Ah, who shall say What vast expansions shall be ours that day? What transformations of this house of clay, To fit the heavenly mansions and the light of day? Ah, who shall say?
But this we know,-- We drop a seed into the ground, A tiny, shapeless thing, shrivelled and dry, And, in the fulness of its time, is seen A form of peerless beauty, robed and crowned Beyond the pride of any earthly queen, Instinct with loveliness, and sweet and rare, The perfect emblem of its Maker's care.
This from a shrivelled seed?-- --Then may man hope indeed!
For man is but the seed of what he shall be, When, in the fulness of his perfecting, He drops the husk and cleaves his upward way, Through earth's retardings and the clinging clay, Into the sunshine of God's perfect day. No fetters then! No bonds of time or space! But powers as ample as the boundless grace That suffered man, and death, and yet, in tenderness, Set wide the door, and passed Himself before-- As He had promised--to prepare a place.
Yea, we may hope! For we are seeds, Dropped into earth for heavenly blossoming. Perchance, when comes the time of harvesting, His loving care May find some use for even a humble tare.
We know not what we shall be--only this-- That we shall be made like Him--as He is.
JOHN OXENHAM
"LORD, I ASK A GARDEN"
Lord, I ask a garden in a quiet spot where there may be a brook with a good flow, an humble little house covered with bell-flowers and a wife and a son who shall resemble Thee.
I should wish to live many years, free from hates, and make my verses, as the rivers that moisten the earth, fresh and pure. Lord, give me a path with trees and birds.
I wish that you would never take my mother, for I should wish to tend her as a child and put her to sleep with kisses, when somewhat old she may need the sun.
R. AREVALO MARTINEZ
MY FLOWER-ROOM
My flower-room is such a little place, Scarce twenty feet by nine, yet in that space I have met God; yea, many a radiant hour Have talked with Him, the All-Embracing Cause, About His laws. And he has shown me, in each vine and flower, Such miracles of power That day by day this flower-room of mine Has come to be a shrine.

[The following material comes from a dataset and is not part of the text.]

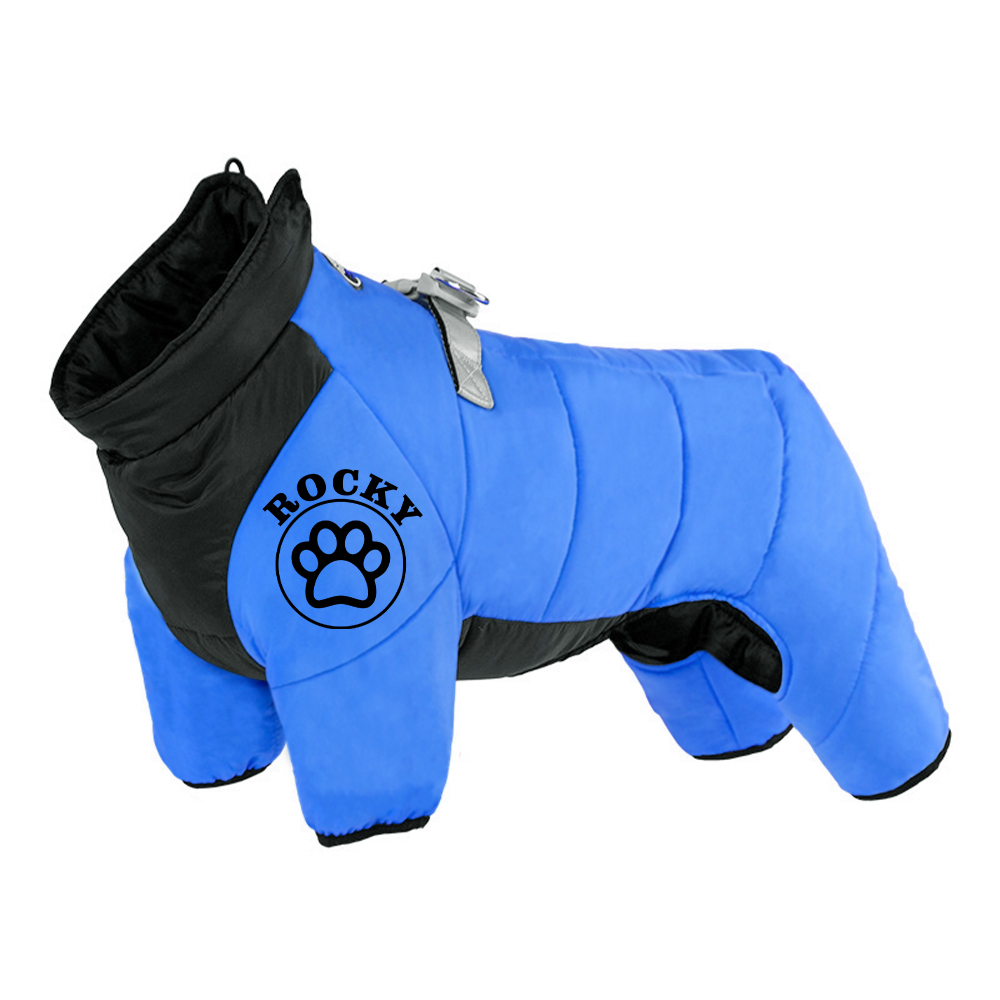 Personalized Pet Winter Warm Windproof Puffer Jacket | BKPet272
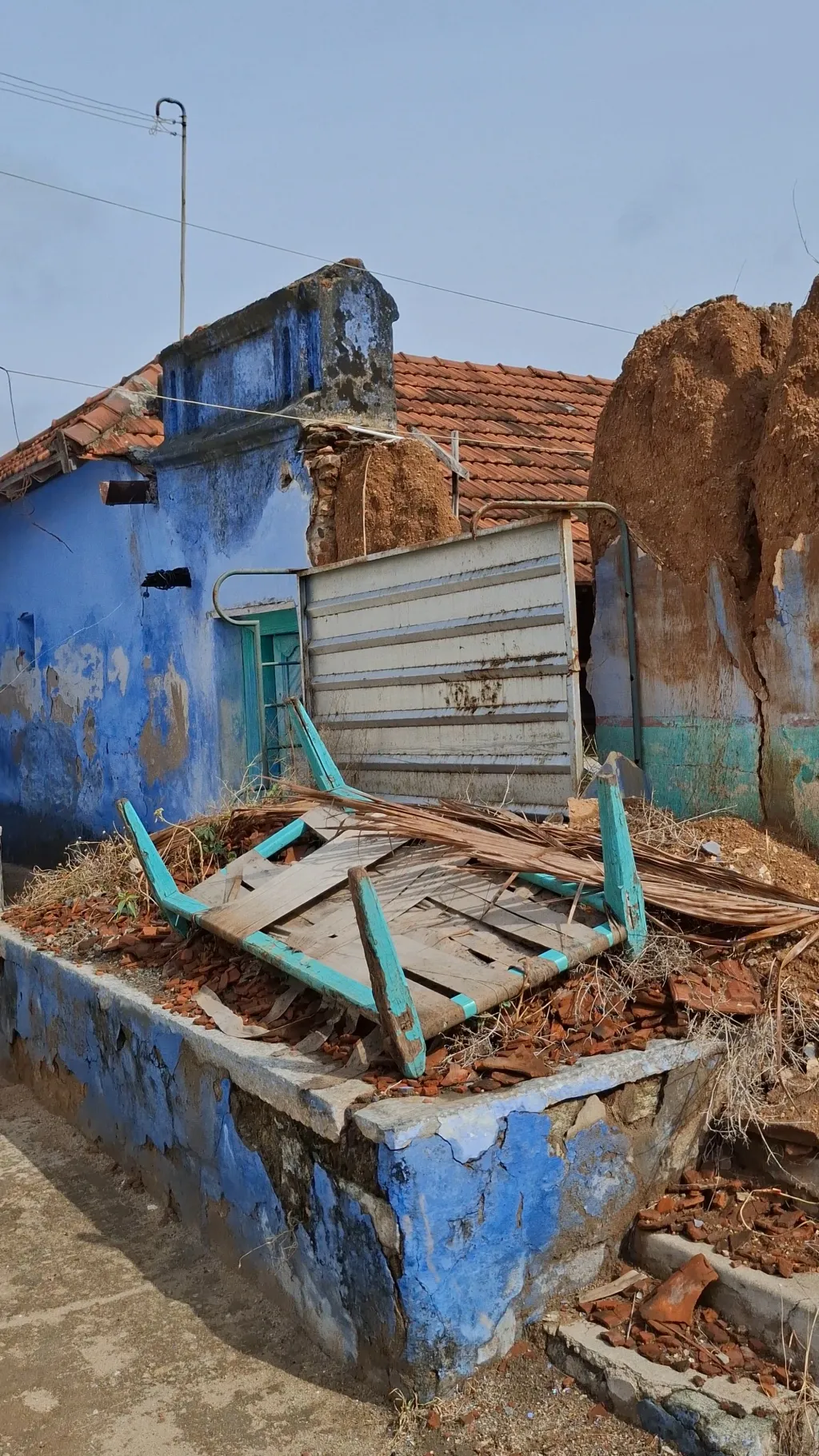 സിനിമയിലെ കഥാപാത്രമായ സുന്ദരത്തിന്റെ വീട് (ഇപ്പോൾ തകർന്നു). Photo credit / നന്ദ ബി. എസ്.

Fed by the self-same soil and atmosphere, Pale, tender shoots appear, Rising to greet the light in that sweet room. One speeds to crimson bloom, One slowly creeps to unassuming grace, One climbs, one trails, One drinks the light and moisture, One exhales. Up through the earth together, stem by stem, Two plants push swiftly in a floral race, Till one sends forth a blossom like a gem, And one gives only fragrance. In a seed, So small it scarce is felt within the hand, Lie hidden such delights Of scents and sights, When by the elements of Nature freed, As paradise must have at its command.